Sous mandat britannique, l’Agence juive était le noyau stratégique de la résistance juive contre les Britanniques.
La question de la reconnaissance de la Palestine a été soulevée suite à l’annonce de la visite de William Hague. Le ministre britannique des Affaires étrangères rencontrera, cette semaine, une délégation palestinienne.

Selon Gould, « il ne s’agit nullement d’une étape vers la reconnaissance d’un Etat ». Et de préciser que le but est de réengager le dialogue. « Il s’agit d’un conflit qui ne pourra être résolu que par un règlement négocié », assure le diplomate.

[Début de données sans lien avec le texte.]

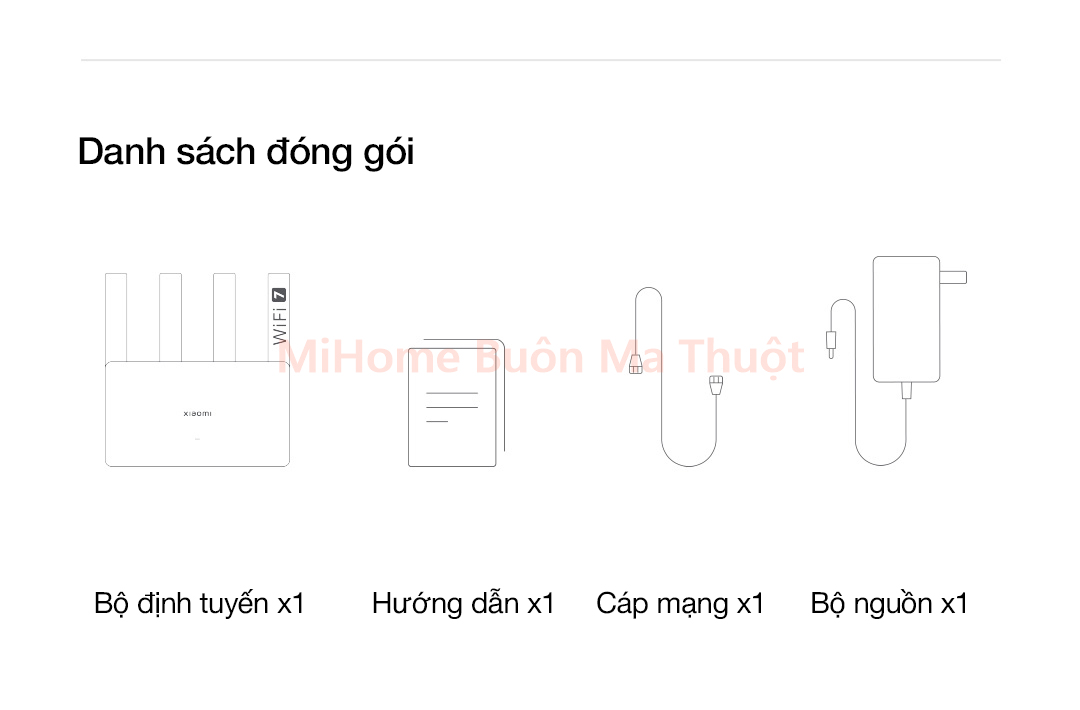 Router Wifi 7 Xiaomi BE3600 MESH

Autre sujet abordé : l’antisémitisme au Royaume-Uni. Si Gould a tenté de minimiser la gravité de la situation, il a concédé que 120 cas de violences antisémites avaient été déplorés l’année dernière. Le pays qu’il représente, clame-t-il toutefois, n’est fondamentalement pas antisémite ou hostile aux Juifs. »
Et de compléter : « Le Royaume-Uni s’oppose à des désinvestissements, sanctions et autres boycotts économiques. » Selon lui, « dans tous les cas, ces actions s’avèrent inefficaces ». Preuve à l’appui : le commerce entre la Grande-Bretagne et Israël a augmenté de 30 % l’an dernier, tandis que les exportations israéliennes vers le Royaume-Uni ont grimpé de 40 %.